Evde antrenman yapma döneminde geçişte zorlanmadığını belirten Aslan, "Çok yoğun bir tempodan evde egzersiz dönemine geçerken sanki yaz dönemine geçiyormuşum gibi düşünmeye karar verdim. Sezon bitince de antrenman yapmaya devam eden sporculardan olduğum için bu duruma alışmak zor olmadı. Nasıl ki yaz döneminde bir sonraki sezona hazırlanıyorsam, şimdi de kendimi önümde bir maç olması ihtimaline göre hazırlıyorum" ifadelerini kullandı.
"Evde kalmanın ne kadar değerli olduğunu görebiliyorum"

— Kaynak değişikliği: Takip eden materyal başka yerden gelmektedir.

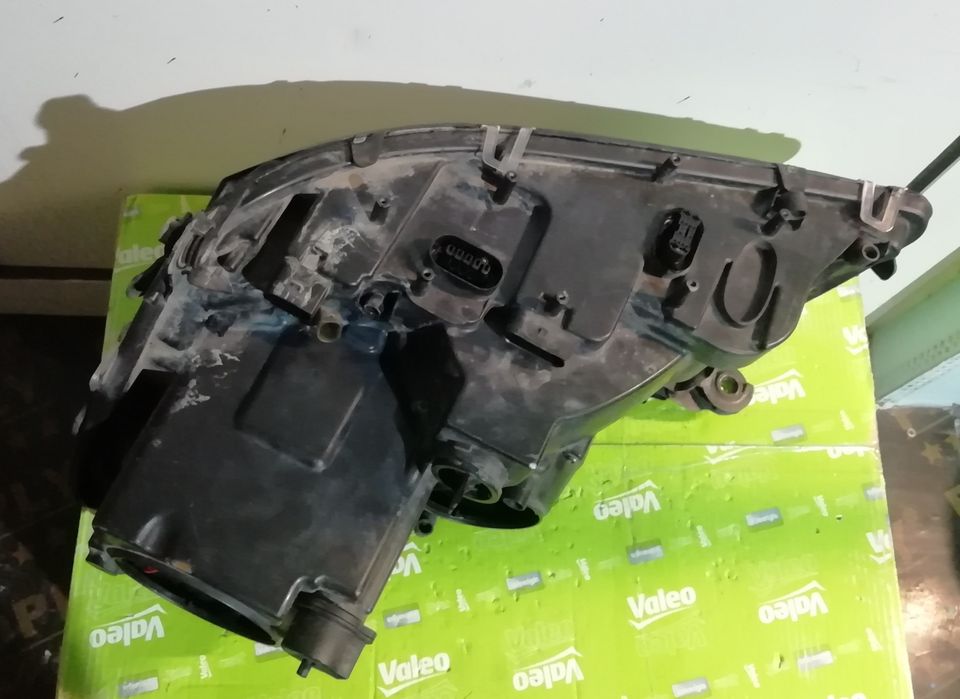 Фар фарове за Mercedes ML W164 / Мерцедес МЛ W164 Bi-Xenon AFS.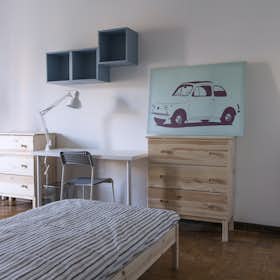 Gedeelde kamer te huur voor € 490 per maand in Milan, Via Orti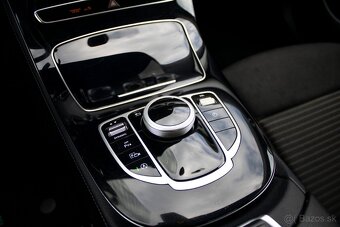 Mercedes-Benz E trieda Sedan 220 d 4MATIC A/T - 19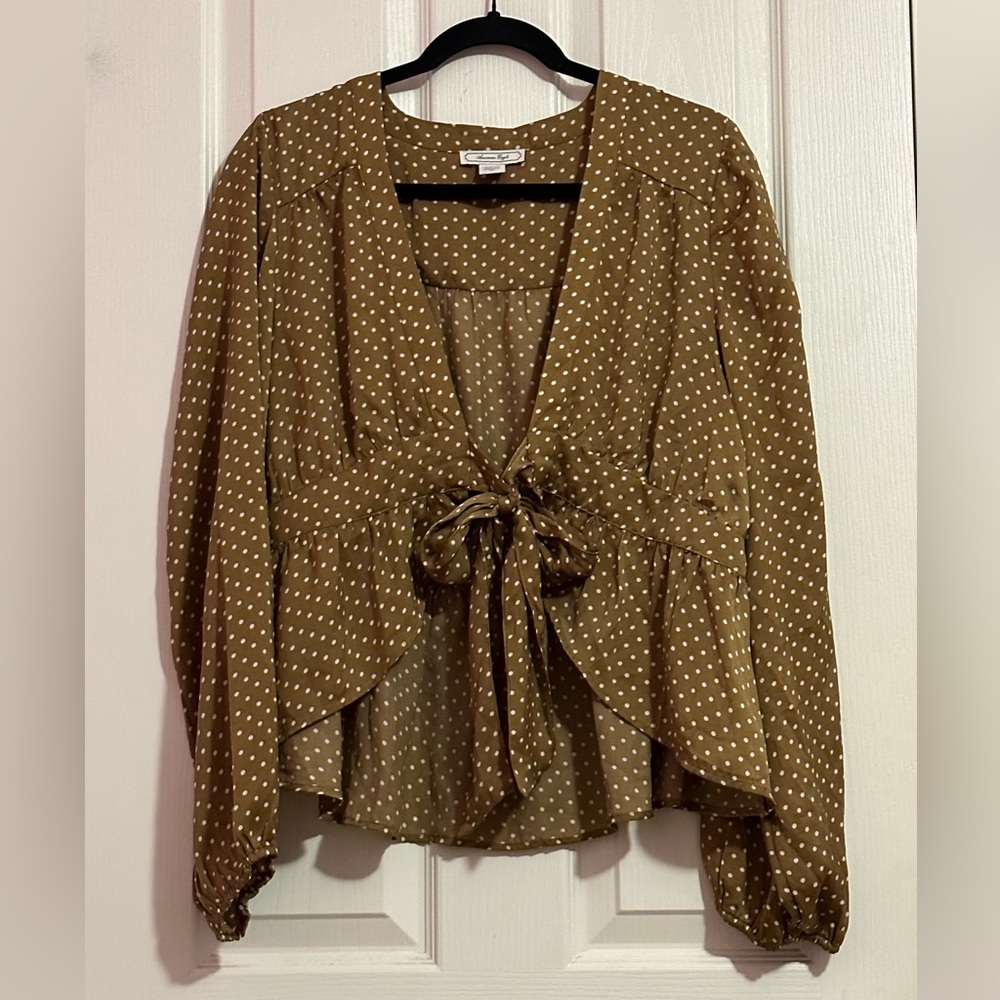 American Eagle tie front top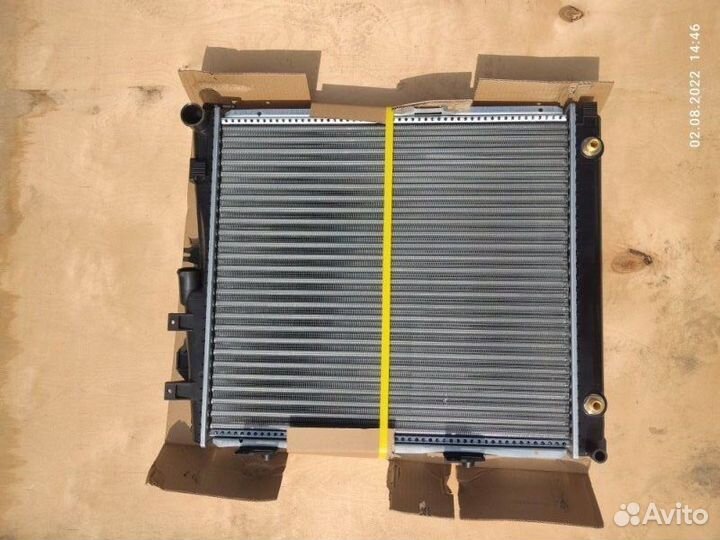 Радиатор охлаждения двигателя Mercedes Benz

"Günde 4 saat antrenman yapmaya alışmış bir sporcunun evde kalması aslında hiç kolay değil" diyen Merve Dalbeler Aslan, sözlerini şöyle sürdürdü:
"Her zaman kendime bir hedef koymayı seçmişimdir. Ben de bu süreçte evde antrenman yapmanın iyi yanlarına odaklanıyorum. Örneğin en sevdiğim diziyi izlerken antrenman yapabiliyorum. Evde sadece oturduğumuzda, enerjimizi atamadığımız için gece uyumak zorlaşıyor ve daha huysuz olabiliyoruz. Kısacası mental olarak kendimi eve kapatılmış gibi hissetmeye değil de kendime ve sevdiklerime ayıracağım zamana odaklanıyorum. Sevdiklerimin sağlığını düşününce de evde kalmanın ne kadar değerli olduğunu görebiliyorum."
Evde nasıl zaman geçiriyor?
Merve, korona virüs sürecinde evde nasıl vakit geçirdiğini de şöyle aktardı:
"Size günlerimin nasıl geçtiğini anlatayım. Sabah vücudumun kalkma saatine göre günümü planlıyorum. Uyanınca 10 dakika boyunca aç karnına meditasyon yapıp eşimle birlikte kahvaltıya oturuyorum. Bu arada gündemde olanları takip ediyoruz. Hava güzelse balkonda oturup zaman geçiriyoruz. Kahvaltıdan ortalama iki saat gibi bir süre sonra antrenmanıma başlıyorum. Bazen eşimle bazen de tek başıma antrenmanımı bitirdikten sonra klasik duş alma, yemek yeme rutini devam ediyor. Haftada üç gün Yüksek Lisans derslerim oluyor. Boş zamanımın bir kısmında onların ödevlerini hazırlıyorum. Diğer zamanlarda da dizi veya film izliyorum. Bazen eşimle tavla oynuyoruz. Günlük sıralama değişse de şimdilik günlerim bu şekilde geçti. Resim yapmayı çok seviyorum. İlerleyen zamanlarda ona da başlamayı düşünüyorum."